Ze heeft me gemaild. Ze is volledig op. Ze heeft zich rot gevochten voor haar gezin, maar uiteindelijk wil hij toch niet meer met haar verder. Zijn eerste misstappen heeft ze hem vergeven en nu wil hij niet meer verder? Liever door met die ander? Ze is woest. En niet eens zozeer op hem, maar vooral op haar.
Ze hadden het zo goed voor elkaar. Een mooi huis, allebei drukke maar mooie banen, twee lieve jongens en een fijne vriendenkring.
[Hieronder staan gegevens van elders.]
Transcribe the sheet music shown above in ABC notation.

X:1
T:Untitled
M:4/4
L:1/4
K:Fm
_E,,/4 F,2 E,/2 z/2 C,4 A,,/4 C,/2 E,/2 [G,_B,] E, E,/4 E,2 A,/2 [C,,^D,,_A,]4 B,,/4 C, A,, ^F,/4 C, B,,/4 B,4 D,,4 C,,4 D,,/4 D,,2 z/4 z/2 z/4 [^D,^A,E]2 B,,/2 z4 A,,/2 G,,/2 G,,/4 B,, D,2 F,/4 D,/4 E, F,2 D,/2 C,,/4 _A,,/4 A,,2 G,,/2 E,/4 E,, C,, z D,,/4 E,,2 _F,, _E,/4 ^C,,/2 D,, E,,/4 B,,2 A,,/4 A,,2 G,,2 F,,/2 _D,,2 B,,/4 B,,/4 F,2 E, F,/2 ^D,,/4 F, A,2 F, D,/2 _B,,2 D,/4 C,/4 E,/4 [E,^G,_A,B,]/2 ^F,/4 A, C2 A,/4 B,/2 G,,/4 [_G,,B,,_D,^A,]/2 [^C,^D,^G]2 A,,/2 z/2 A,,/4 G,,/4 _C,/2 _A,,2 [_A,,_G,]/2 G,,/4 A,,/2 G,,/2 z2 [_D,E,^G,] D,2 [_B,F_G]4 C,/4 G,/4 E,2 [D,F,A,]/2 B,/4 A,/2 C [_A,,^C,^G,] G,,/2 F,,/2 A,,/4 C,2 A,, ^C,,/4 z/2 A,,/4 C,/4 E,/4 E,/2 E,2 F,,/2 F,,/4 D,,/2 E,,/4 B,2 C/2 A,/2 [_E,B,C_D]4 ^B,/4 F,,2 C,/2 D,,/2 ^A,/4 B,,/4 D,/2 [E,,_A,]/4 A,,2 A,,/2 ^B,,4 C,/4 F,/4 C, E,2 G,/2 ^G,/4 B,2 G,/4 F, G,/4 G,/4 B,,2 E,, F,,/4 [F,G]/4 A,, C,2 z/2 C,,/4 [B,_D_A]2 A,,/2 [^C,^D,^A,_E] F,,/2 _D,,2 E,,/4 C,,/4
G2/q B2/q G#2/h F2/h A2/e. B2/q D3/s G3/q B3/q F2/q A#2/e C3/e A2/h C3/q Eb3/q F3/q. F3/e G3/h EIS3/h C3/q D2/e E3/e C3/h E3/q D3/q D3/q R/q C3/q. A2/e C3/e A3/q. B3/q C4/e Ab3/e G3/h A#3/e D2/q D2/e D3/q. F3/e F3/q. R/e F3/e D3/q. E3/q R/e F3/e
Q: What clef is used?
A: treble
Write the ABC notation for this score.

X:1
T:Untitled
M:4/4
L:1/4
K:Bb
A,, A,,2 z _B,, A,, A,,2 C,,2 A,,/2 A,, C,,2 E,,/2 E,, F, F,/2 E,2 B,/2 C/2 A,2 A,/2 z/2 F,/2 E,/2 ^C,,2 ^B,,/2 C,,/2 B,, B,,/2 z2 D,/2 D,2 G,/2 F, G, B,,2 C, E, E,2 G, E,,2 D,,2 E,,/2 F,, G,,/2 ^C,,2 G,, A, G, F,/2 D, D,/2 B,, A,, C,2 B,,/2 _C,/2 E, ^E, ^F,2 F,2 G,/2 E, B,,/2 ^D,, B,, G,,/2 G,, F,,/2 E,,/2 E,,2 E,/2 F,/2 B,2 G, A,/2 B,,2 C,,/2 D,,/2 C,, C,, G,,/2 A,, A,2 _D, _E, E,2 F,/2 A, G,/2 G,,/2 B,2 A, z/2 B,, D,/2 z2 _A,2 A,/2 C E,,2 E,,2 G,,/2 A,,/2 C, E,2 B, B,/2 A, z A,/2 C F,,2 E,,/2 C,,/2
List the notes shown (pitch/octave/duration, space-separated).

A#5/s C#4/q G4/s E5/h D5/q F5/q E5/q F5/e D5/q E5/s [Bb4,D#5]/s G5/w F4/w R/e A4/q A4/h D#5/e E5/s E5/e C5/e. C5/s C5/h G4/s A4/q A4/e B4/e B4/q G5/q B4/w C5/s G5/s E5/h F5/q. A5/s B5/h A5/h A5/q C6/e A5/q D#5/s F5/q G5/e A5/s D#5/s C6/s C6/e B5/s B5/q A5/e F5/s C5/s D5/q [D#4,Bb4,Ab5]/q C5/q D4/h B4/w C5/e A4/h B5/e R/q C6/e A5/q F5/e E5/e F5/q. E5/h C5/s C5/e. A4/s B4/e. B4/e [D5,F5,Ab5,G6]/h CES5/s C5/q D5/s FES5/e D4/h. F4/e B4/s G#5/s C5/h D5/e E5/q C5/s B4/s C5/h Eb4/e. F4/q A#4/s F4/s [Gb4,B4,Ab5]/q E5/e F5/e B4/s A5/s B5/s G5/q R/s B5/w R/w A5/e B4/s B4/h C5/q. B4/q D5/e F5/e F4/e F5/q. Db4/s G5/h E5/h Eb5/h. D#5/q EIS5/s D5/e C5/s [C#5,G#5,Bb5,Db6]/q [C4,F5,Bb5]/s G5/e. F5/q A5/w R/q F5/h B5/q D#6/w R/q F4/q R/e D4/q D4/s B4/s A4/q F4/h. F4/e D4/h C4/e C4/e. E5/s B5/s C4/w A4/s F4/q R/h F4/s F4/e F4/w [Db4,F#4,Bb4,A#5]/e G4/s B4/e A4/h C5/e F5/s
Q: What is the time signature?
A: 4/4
En natuurlijk was het hectisch, met oppas en toch leuke dingen blijven doen, met het werk en toch tijd vinden voor elkaar, maar het leek allemaal wonderwel goed te gaan. Vakanties deden hun altijd veel goed en toen de jongens wat ouder werden, werd het ook allemaal wat makkelijker.
Ze gingen met zijn vieren regelmatig samen wat eten, of gewoon bij elkaar borrelen. Ze heeft nooit iets door gehad. Ze wil alles weten: wanneer het is begonnen, waarmee het is begonnen, wie de eerste stap zette, wanneer ze voor het eerst samen naar een hotel gingen. Zijn zakenreizen; ging ze mee, wanneer dan, waarheen? Alles wilde ze weten.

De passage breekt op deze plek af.